Le pays est dans un état d’urgence économique, vit sur la dette et emprunte pour financer les dépenses courantes. Sans un véritable plan concret et durable, le pays ne sortira pas de ce trou noir. Les conséquences économiques et sociales de la pandémie se propagent sur toute la planète. Dans ce contexte de grande incertitude que nous vivons depuis 2020, c’est un monde complètement différent qui nous attend et cela pour longtemps. Des millions de personnes vont probablement basculer dans l’extrême pauvreté en raison du Coronavirus, tandis que celles qui étaient déjà en dessous du seuil de pauvreté connaîtront des privations encore plus aiguës. Je vous laisse donc deviner la suite. Mais cela ne veut pas dire qu’il est impossible de limiter les dégâts !

Déjà, la première chose qu’ils devaient faire depuis l’année dernière, c’était de rencontrer toutes les têtes pensantes de ce pays. Mettre les egos des uns et des autres de côté, réunir la crème de la crème du pays autour d’une table et passer en revue la situation. Plancher sur des idées économiques qui pourraient redonner du dynamisme sur le court terme, le moyen terme et sur le long terme. Commencer à réfléchir sur de nouveaux piliers de développement économique durable qui pourraient non seulement rapporter de l’argent au pays mais aussi créer de l’emploi.

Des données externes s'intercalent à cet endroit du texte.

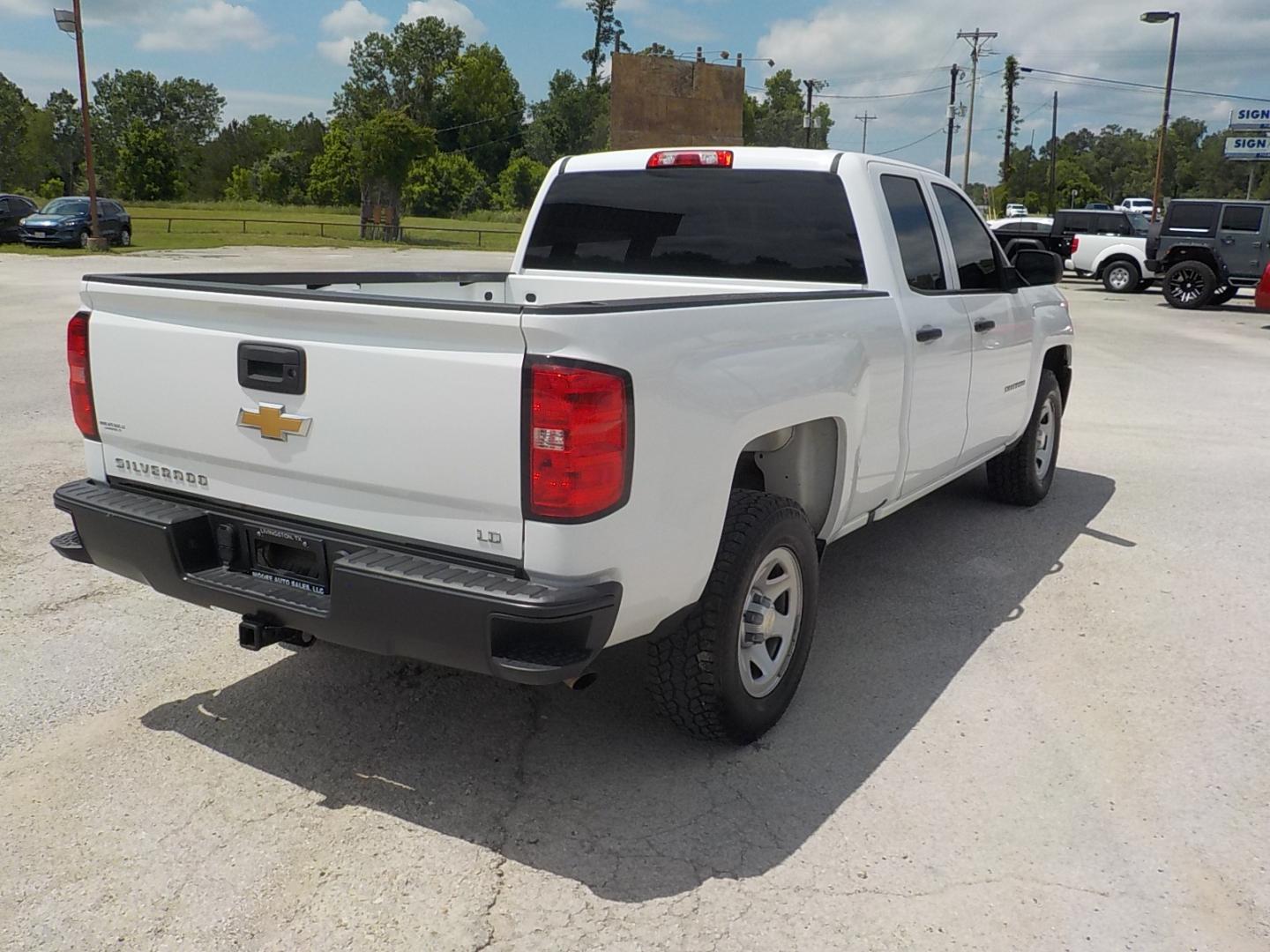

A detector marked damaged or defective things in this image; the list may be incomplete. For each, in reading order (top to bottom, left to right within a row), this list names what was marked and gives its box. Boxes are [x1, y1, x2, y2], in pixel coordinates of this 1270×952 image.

cracked asphalt pavement [2, 247, 1270, 952]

A l’aube des 53 ans de notre indépendance, il faut dire que l’île Maurice s’est peu à peu imposée comme un modèle à suivre en matière de développement économique, de démocratie et de stabilité sociale depuis plus d’un demi-siècle. Nous avons su nous imposer comme un modèle sur le continent, balayant par la même occasion le pessimisme affiché par certains observateurs économique des années 60, puisque 50 ans plus tard, même Joseph Stiglitz, par exemple, prix nobel de l’économie, avait suggéré aux États-Unis de s’inspirer du destin miraculeux de l’île. La preuve qu’un petit bout de rocher en plein milieu de l’océan indien peut accomplir des choses extraordinaires. Quoi qu’il n’y ait pas eu de miracles mais tout simplement de bonnes politiques économiques. D’ailleurs, la dernière fois que l’île Maurice a expérimenté une telle crise économique de ce genre, c’était dans les années 80. Mais nous avons pu surmonter ces épreuves “with the right person at the right place”.

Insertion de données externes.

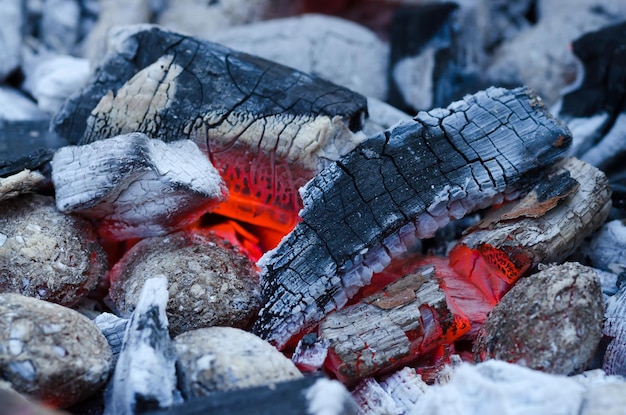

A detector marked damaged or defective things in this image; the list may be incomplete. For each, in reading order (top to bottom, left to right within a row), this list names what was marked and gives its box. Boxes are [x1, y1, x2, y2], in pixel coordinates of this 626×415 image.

splintered wood piece [50, 132, 227, 242]
splintered wood piece [53, 25, 368, 234]
splintered wood piece [254, 86, 572, 350]
splintered wood piece [448, 158, 608, 304]
splintered wood piece [105, 276, 180, 415]
splintered wood piece [143, 376, 356, 415]
splintered wood piece [320, 266, 466, 384]
splintered wood piece [472, 264, 604, 376]
splintered wood piece [604, 286, 626, 376]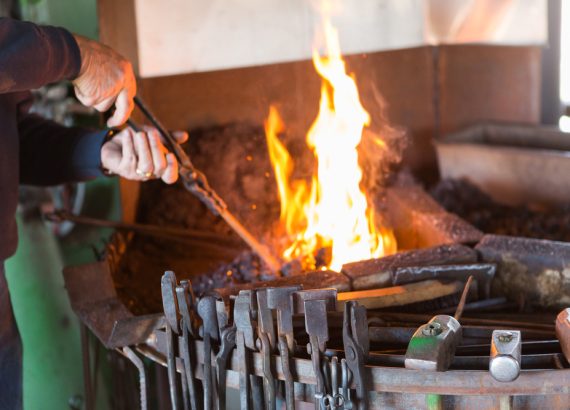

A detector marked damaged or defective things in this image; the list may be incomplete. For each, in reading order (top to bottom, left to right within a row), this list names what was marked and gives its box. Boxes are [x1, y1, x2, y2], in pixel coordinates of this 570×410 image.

Donc, pour minimiser la casse, il faut tout simplement sortir de son petit cocon ou de sa petite bulle. Dialoguer avec les acteurs économiques mauriciens qui ont fait leur preuve, élargir le débat avec la population afin de comprendre les forces et les faiblesses de nos citoyens, et appeler les anciens dirigeants de ce pays autour d’une table afin de pouvoir proposer un vrai plan de relance économique, non seulement dans l’intérêt du pays, mais aussi pour la future génération, parce que notre avenir en dépend.